A trope can of course be both inverted and subverted, if the viewer or reader is led to expect the straight version only to be given an inversion of some kind, but an inverted trope is not automatically also a subverted one: there needs to be a genuine attempt to suggest that the trope is going to be used straight to qualify as a "subversion". Continuing the example above:

* Subversion ''and'' inversion: The show makes it look like the black dude is going to die first, but he doesn't--everyone ''else'' dies instead.

!! SubvertedTrope vs. JustifiedTrope
Worse, occasionally a ''slight'' spin on the standard trope formula, such as the addition of a justification, is seized upon as a subversion by the occasional fan, perhaps because they don't want to acknowledge that a trope was played deadly straight [[TropesAreTools to good effect]] in their favourite work. The reverse assumption is also common.

!! SubvertedTrope vs. DeconstructedTrope
Occasionally, {{Deconstruction}}s are also listed as subversions. A DeconstructedTrope is played completely straight, and so is not a subversion even though they subvert people's expectations of the ''consequences'' of a trope. There's also a related problem of people mislabelling things as deconstructions or deconstructed tropes [[NotADeconstruction when they aren't]], but that's another matter.

!! SubvertedTrope vs. DownplayedTrope

Sometimes, when people talk of a "partial subversion", they mean DownplayedTrope, where the trope is still present, but to a much lesser degree.
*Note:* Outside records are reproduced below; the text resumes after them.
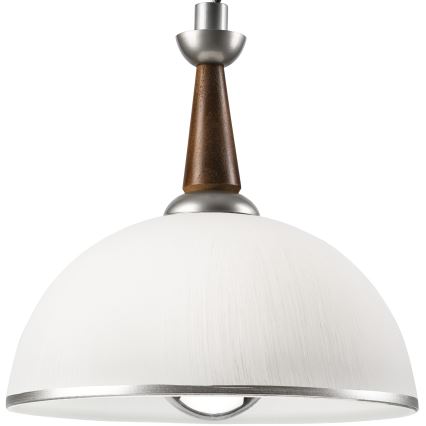 Lámpara colgante retráctil CHIARA 1xE27/60W/230V plata/marrón oscuro/haya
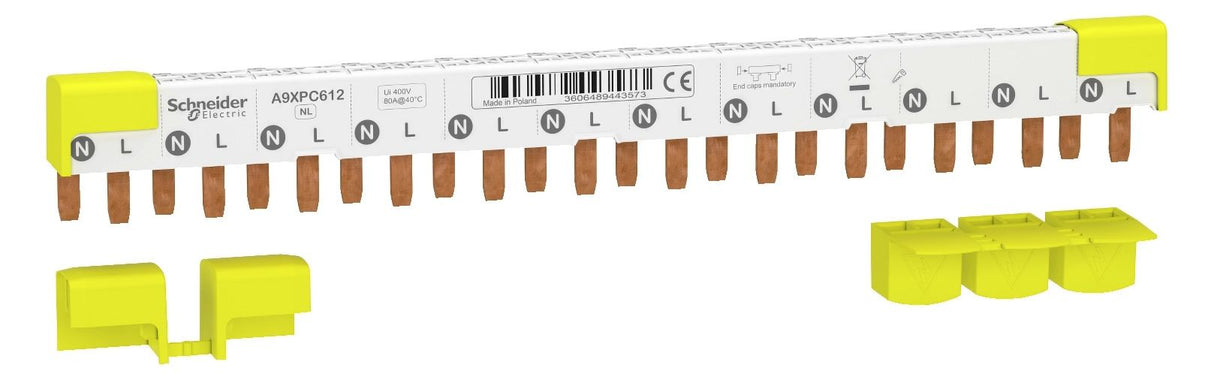 Schneider A9XPC612 Phasenschiene Stift 1P+N 9mm 80A 12Module
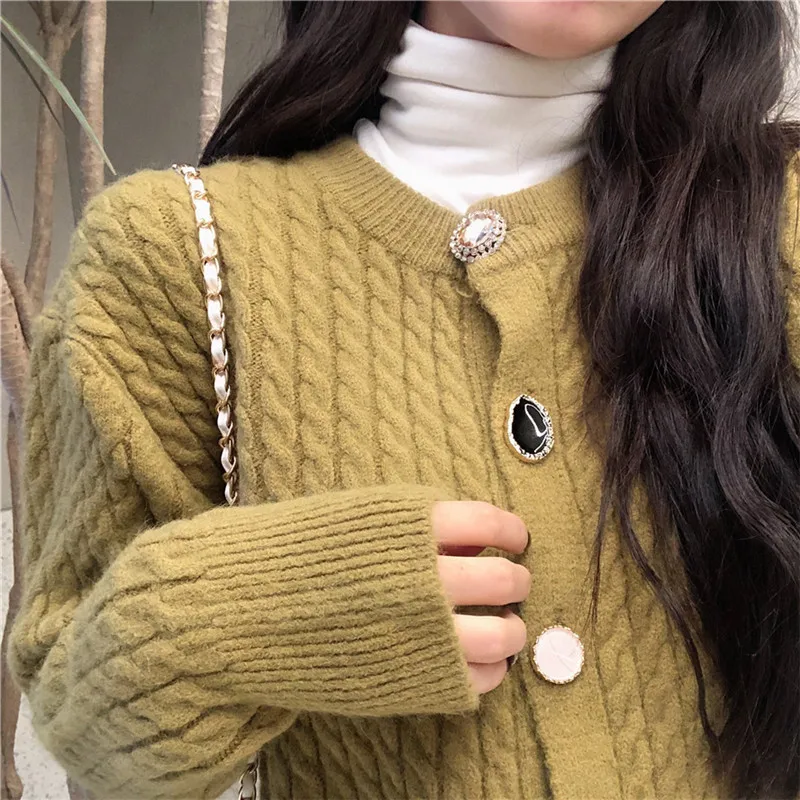 

Ailegogo Spring Knitted Women O-neck Cardigans Casual Female Single Breasted Loose Fit Sweater Solid Color Retro Button Knitwear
!! SubvertedTrope vs. PlayingWithATrope
Beware ye these abominable WeaselWords that refer to various methods of PlayingWithATrope:

* "Slightly subverted in that..."
* "Semi-subverted when..."
* "Partially subverted..."
* "[[Administrivia/ConversationInTheMainPage Actually]] somewhat subverted because..."
* "A [[Administrivia/ExamplesAreNotArguable possible]] subversion is..."
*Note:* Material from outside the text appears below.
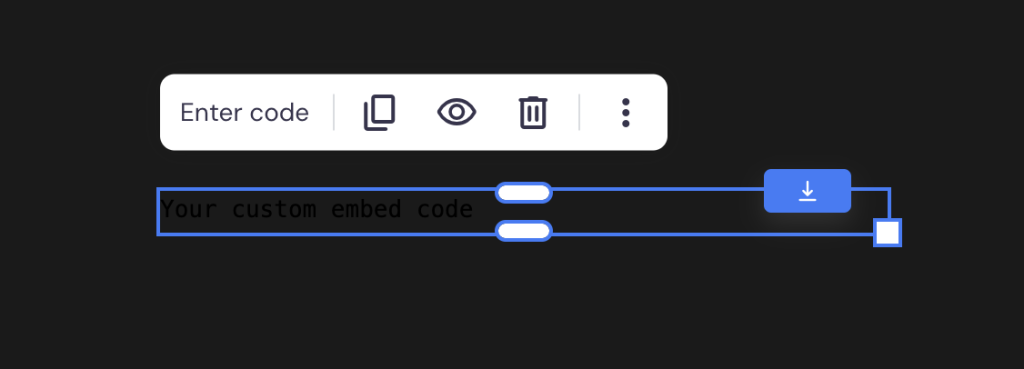 Embed code settings expanded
A ''real'' subversion plays off the expectation of a familiar trope being set up in the viewers mind. Subtle, even laudably creative, variants are not that. When a trope ''is'' subverted it's very, very obvious: there is no "somewhat."

!! SubvertedTrope vs. Played Straight
Sometimes, a trope is marked as a subversion even though it's actually played straight. This is most likely to happen in a trope that can be played straight in a number of ways, but one method is chosen the majority of the time. An example of this kind of trope is DownToTheLastPlay. Though it doesn't ''have'' to be the protagonists' team that dramatically wins the game, it almost ''always'' is.
* Played Straight: The game ends in a dramatic fashion, regardless of whether or not it's the protagonists' side that's victorious.
* Subversion: It looks like the game will go down to the wire, with the teams tied for most of the game, but then someone scores in the third quarter (or seventh inning) and then it peters out anticlimactically.

!! SubvertedTrope vs. SquarePegRoundTrope
Worst case scenario, the so-called "subversion" is actually not an example at all. If the event that gets "subverted" is Administrivia/NotATrope, it is not a subversion because there is no trope. It's just BaitAndSwitch.

If you ever see SubvertedTrope listed ''as an example'', it's probably this.